There are several unrepealed Indian enactments in which reference is made to easements, for example;
There are a few other enactments in which reference is made to “easements.” First para of this section lays down that the Act will not affect these enactments.
Clause (a): By the customary law of India the Government has the power to regulate in the public interest the collection, retention and distribution of the waters of natural rivers and streams for the purposes of irrigation. This power, which is really of the nature of a duty, is expressly preserved by section 2 (a) and has been recognised by the Courts.
It is clear from section 2(a) read with S. 7 that the overriding powers of the State to regulate the streams and rivers are not taken away. Further it is well settled that the State while regulating the water source cannot defeat the customary supply of water based upon either prescription or natural right.1)

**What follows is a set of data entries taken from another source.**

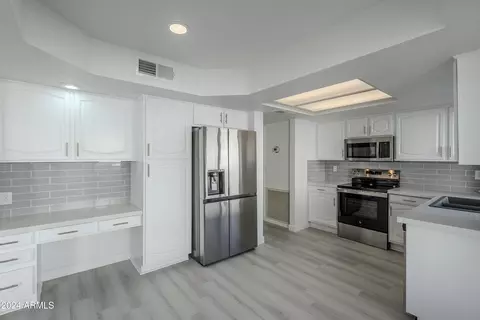 3310 E Longhorn Dr, Phoenix, AZ 85050 photo 10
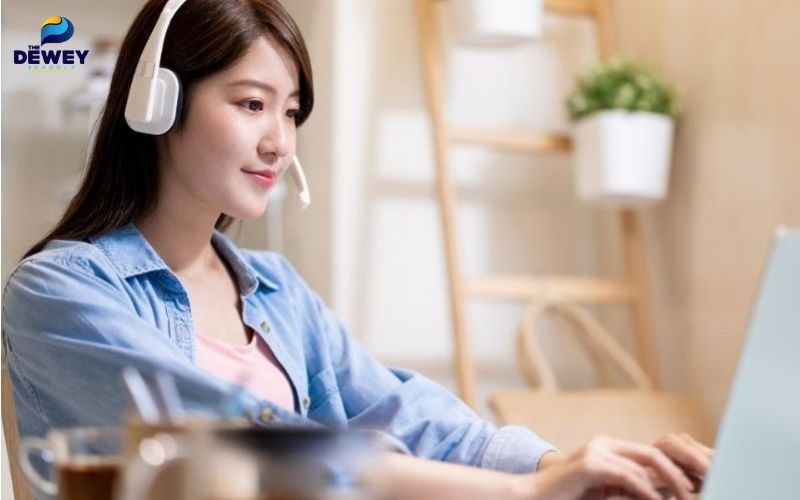 Sinh viên nghiên cứu thông tin học bổng trên máy tính cá nhân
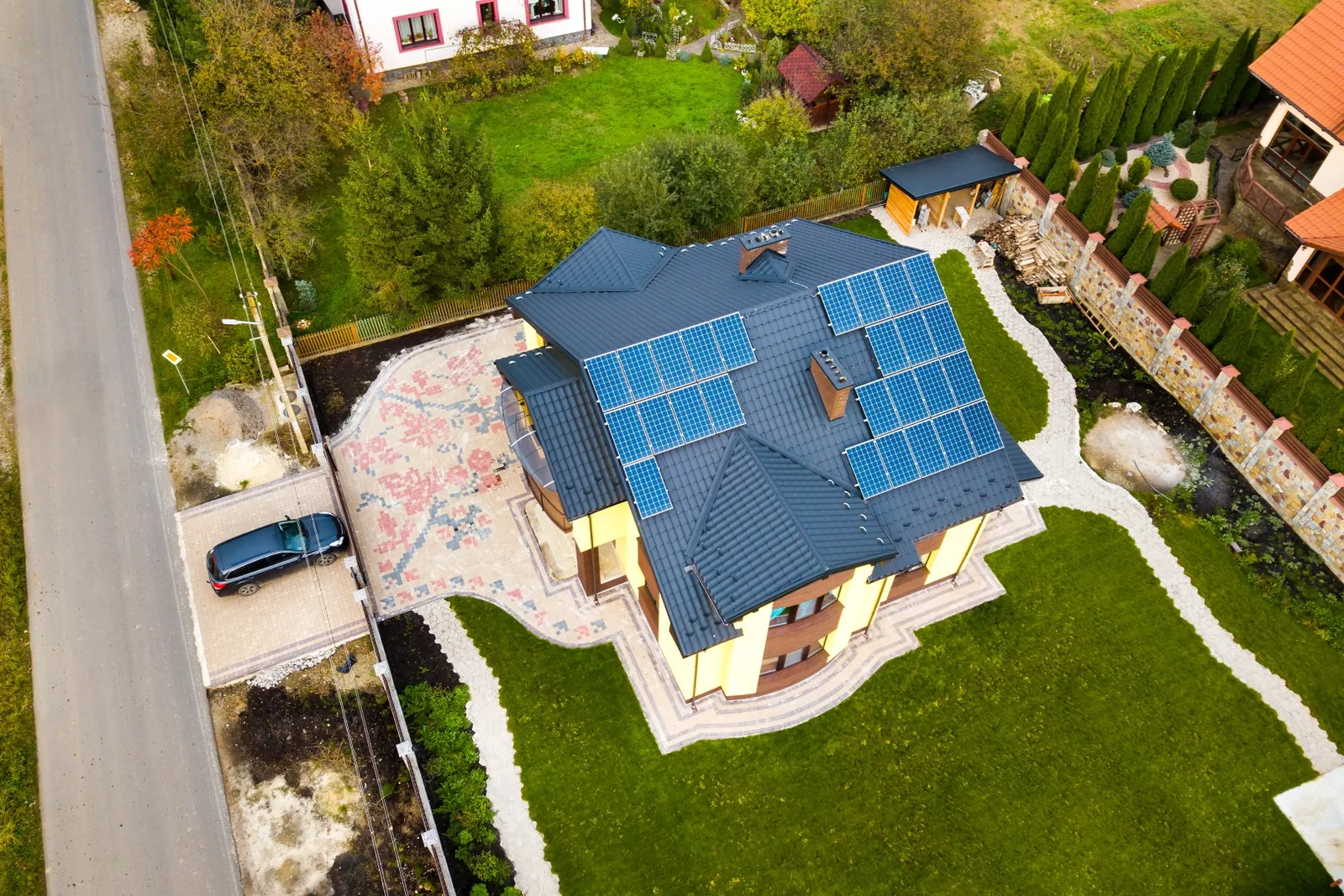 Residência com energia solar SunnyHUB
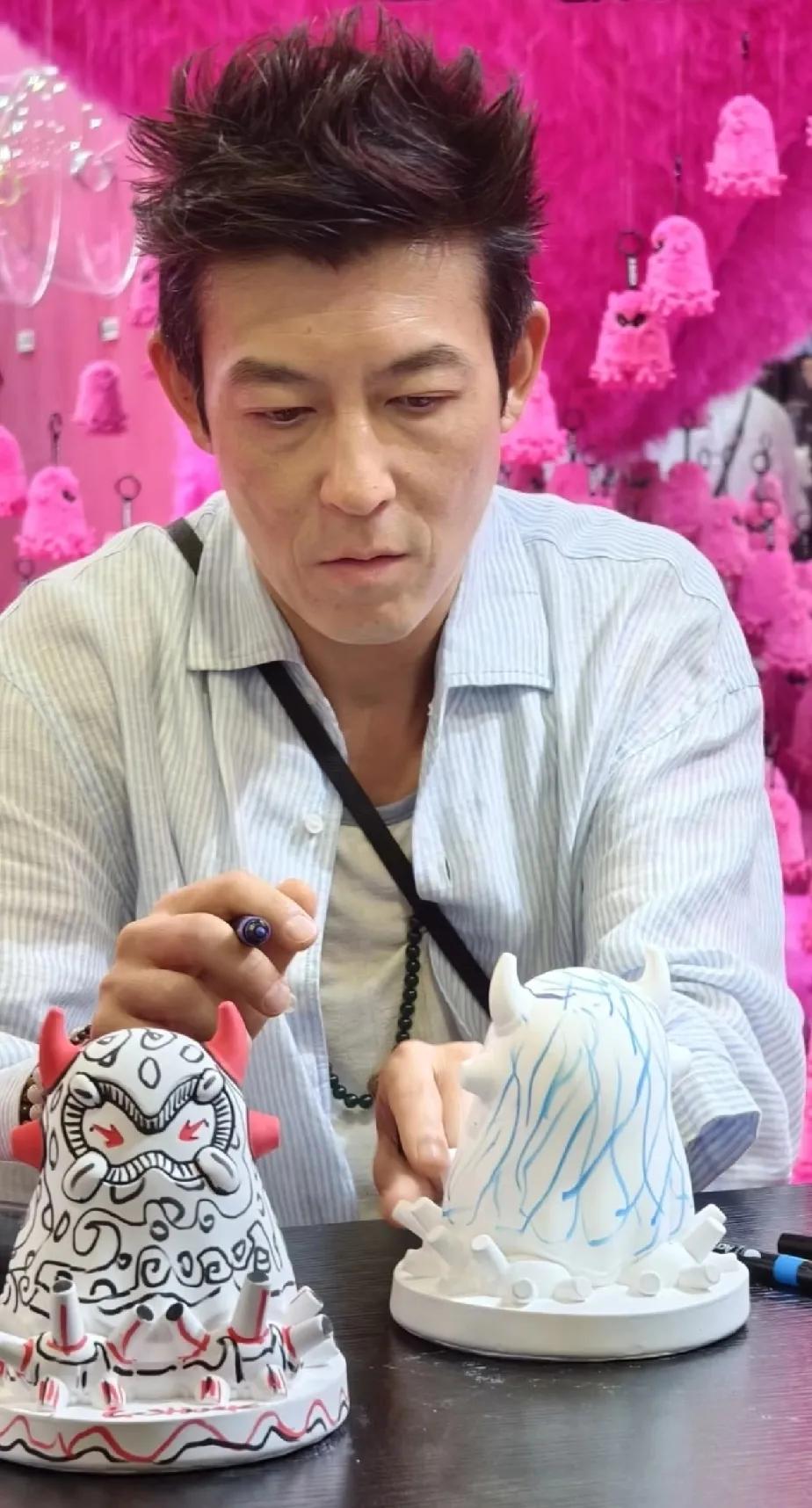 以后谁再说陈老师老了，我跟谁急！这发量已经赢了大部分的90后，脸部状态比同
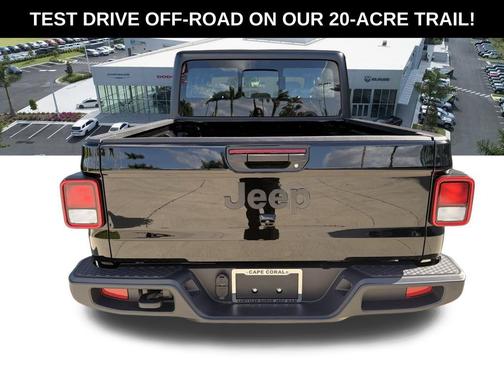 Black Clearcoat 2026 Jeep Gladiator Sport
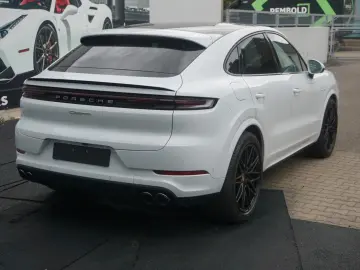 PORSCHE Cayenne Coupe E-Hybrid SportDesign HAL Luft AHK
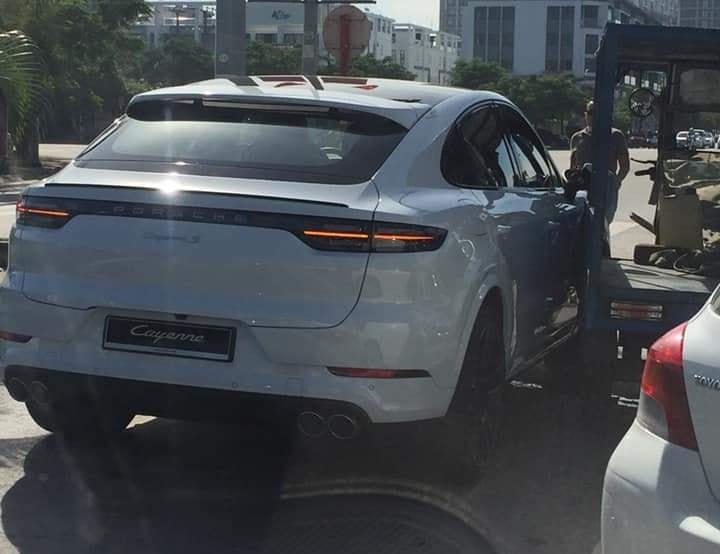 Chiếc xe Porsche Cayenne xảy ra vụ va chạm này chưa có biển số Chiếc xe Porsche Cayenne xảy ra vụ va chạm này chưa có biển số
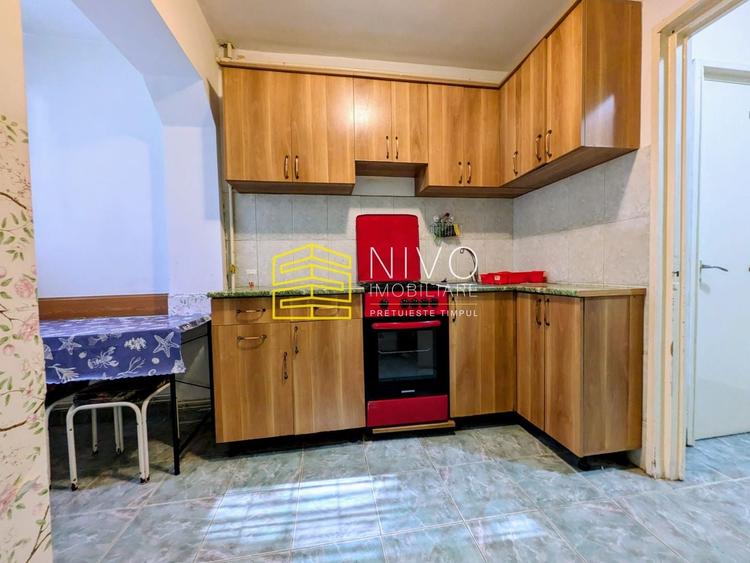Apartament cu 2 camere decomandat, mobilat în Cornișa — fotografia 3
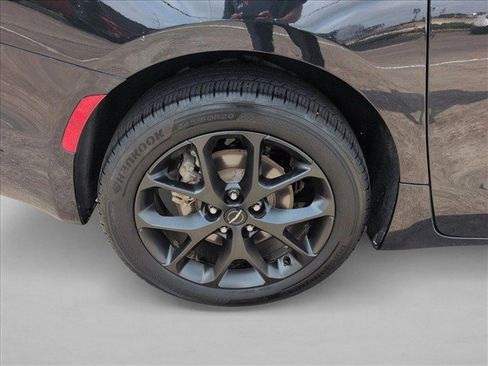Used 2023 Chrysler Pacifica Limited w/ S Appearance Package AWD/4WD image 22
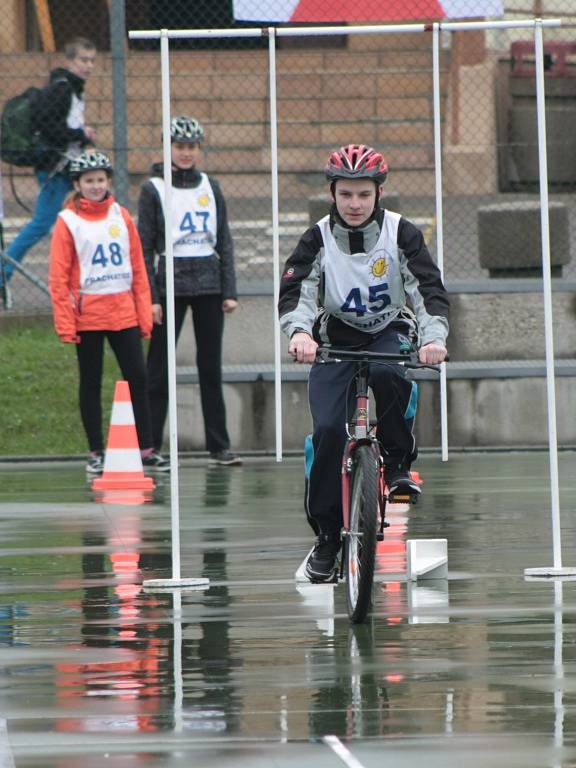 V Prachaticích se ve čtvrtek 5. května uskutečnilo okresní kolo soutěže mladých cyklistů. Ti museli zvládnout nejen jízdu na dopravním hřišti, ale také jízdu zručnosti, testy a zdravovědu.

Clause (b): Where any right, customary or other, however much resembling an easement, has no connection with the enjoyment of any particular heritage it is not an easement and therefore is not affected by the provisions of this Act. For example, a custom of the inhabitants of a particular village, to dance or to have horse-races on the land of an individual, or to go on a close and take water from a spring, or a custom of going on certain land for the purpose of religious observances, or of burying dead and other like customs are not easements inasmuch as these are public rights annexed to the place in general. Similarly, public rights of way which all persons in the empire are entitled to use at their pleasure irrespective of the ownership of any estate are not easements.
There is a world of difference between a customary right and customary easement. An easement is acquired by particular modalities; goes with the land or, rather with the lands : the land which claims the easement is called dominant tenement and the land which is subjected to easement is called servient tenement. Customary easement vests in the dominant tenement; not in the particular person or a group of persons unless they are rightfully in possession of the dominant tenement in question. A customary right, on the other hand, is claimed by a person or by a group of persons under a custom recognised by the community as a whole.2)
Clause (c): saves all rights already acquired which spring from some legal relation entered into between parties before the coming into force of this Act, in other words, it means that the Act will have no retrospective effect.